De terreur is het medium om de dynamiek van de natuur of van de historie te realiseren. Terreur is niet slechts een middel ter onderdrukking van de oppositie. Deze wordt juist totaal indien de oppositie wordt uitgeschakeld. Dan voegt ieder zich naar de terreur. De dynamiek van de natuur of geschiedenis realiseert zich in dat geval, ongehinderd door een oppositie, door de objectieve vijand een ras of een klasse-te elimineren. Zoals gezegd: schuld en onschuld hebben geen betekenis. 'Schuldig is wie het historische proces beoordeelt als inferieur, decadent, afstervend, niet-levensvatbaar. Allen zijn onschuldig. De slachtoffers omdat zij niets tegen het systeem doen en de moordenaars omdat zij het doodsoordeel voltrekken door de beweging van de natuur of de wet van de geschiedenis te gehoorzamen. De terreur nivelleert de mensen en vernietigt de menselijke verschillen. Wie in het proces vandaag anderen elimineert, kan morgen zelf geselecteerd worden. Terreur selecteert zijn slachtoffers overeenkomstig objectieve standaarden. Beiden, slachtoffer en uitvoerder, gedragen zich robotachtig.
De dwang van de totale terreur vernietigt de veelvormigheid onder de mensen, maakt hen aan elkaar gelijk en isoleert hen ten opzichte van elkaar in vrees. In deze ervaring van verlatenheid is men overgeleverd aan de dwang van de logica van het denken. Het enige dat schijnbaar onaantastbaar zeker blijft, zijn de elementaire wetten van het zogenaamd dwingend evidente. Totalitaire ideologie maakt de wandaden onvermijdelijk wanneer deze ideologie doorgedacht wordt tot zijn logische conclusies. Wat is overtuigender dan de perfecte innerlijke samenhang van de ideologische ficties, waarin alles past. Juist de ontworteldheid van de mensen, hun scheiding van de realiteit, maakt de massa's toegankelijk voor de totalitaire ideologie, die merkwaardigerwijs plotseling verdwijnt na de Tweede Wereldoorlog.

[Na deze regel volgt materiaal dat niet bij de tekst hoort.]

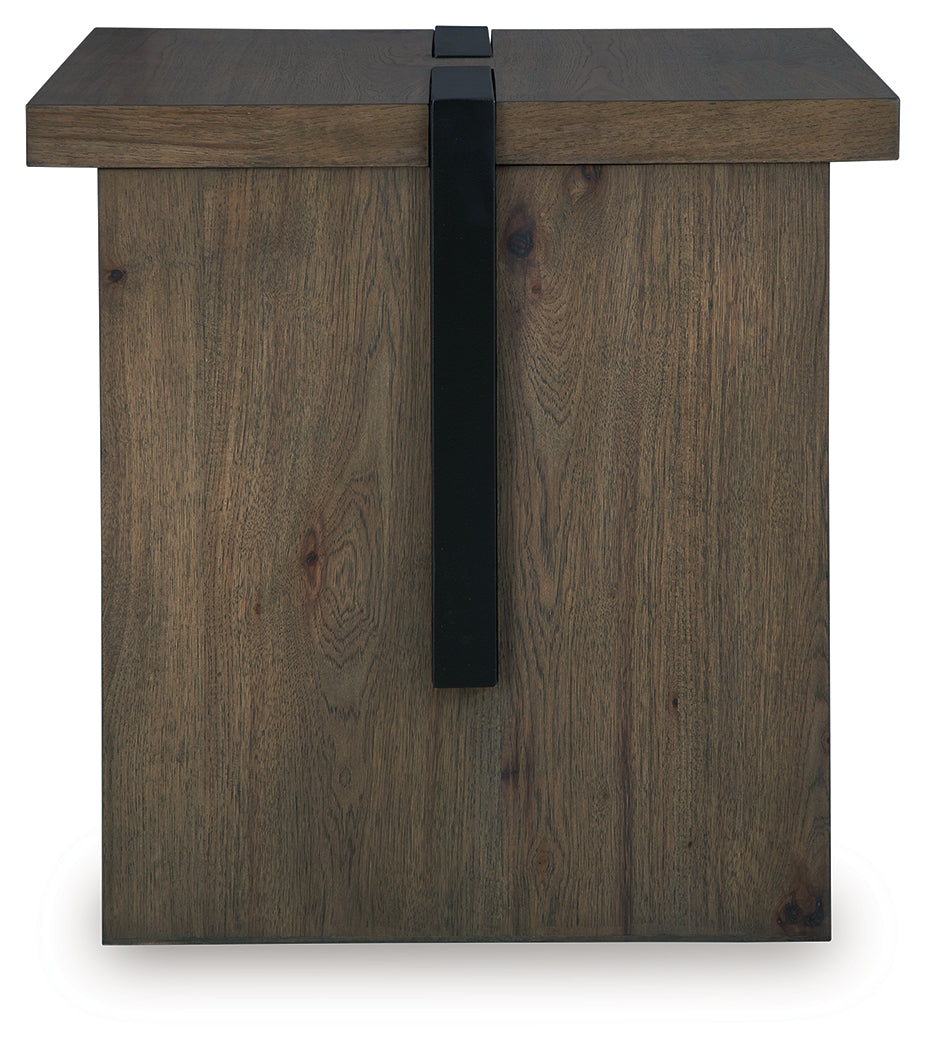 Kandinew End Table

Het concentratiekamp is het totalitaire laboratorium, waarin menselijke wezens volstrekt gereduceerd zijn tot identieke bundels van reacties. Vrijheid, spontaniteit, handelen worden dan uitgewist. Overwegingen van nut tellen niet meer. De inzet om rollend materieel beschikbaar te hebben om joden naar de gaskamers te vervoeren, is belangrijker dan de wens van de Wehrmacht inzake troepentransport.

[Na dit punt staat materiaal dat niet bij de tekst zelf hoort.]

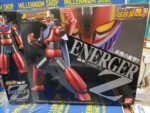 Soul Of Chogokin GX-47 Shin MAZINGER Z - ENERGER Z Japan Bandai  SOC GX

Dat het beeld van het totalitarisme samengesteld is uit het nazisme en stalinisme, is onderwerp van kritiek. Aan het nazisme ontleent Arendt de concentratiekampen en aan het stalinisme het fenomeen van de showprocessen en de zelfbeschuldigingen. Dat zij nazisme en stalinisme op één lijn stelt, heeft men wel op rekening van de koude oorlog geplaatst. Ondanks alle mogelijke kritiek blijft het een intrigerend boek, voor wie van collages houdt. In The Origins of Totalitarianism stuit men op begrippen die later sleutelbegrippen van haar politieke filosofie blijken te zijn, zoals bij voorbeeld wereld in tegenstelling tot natuur.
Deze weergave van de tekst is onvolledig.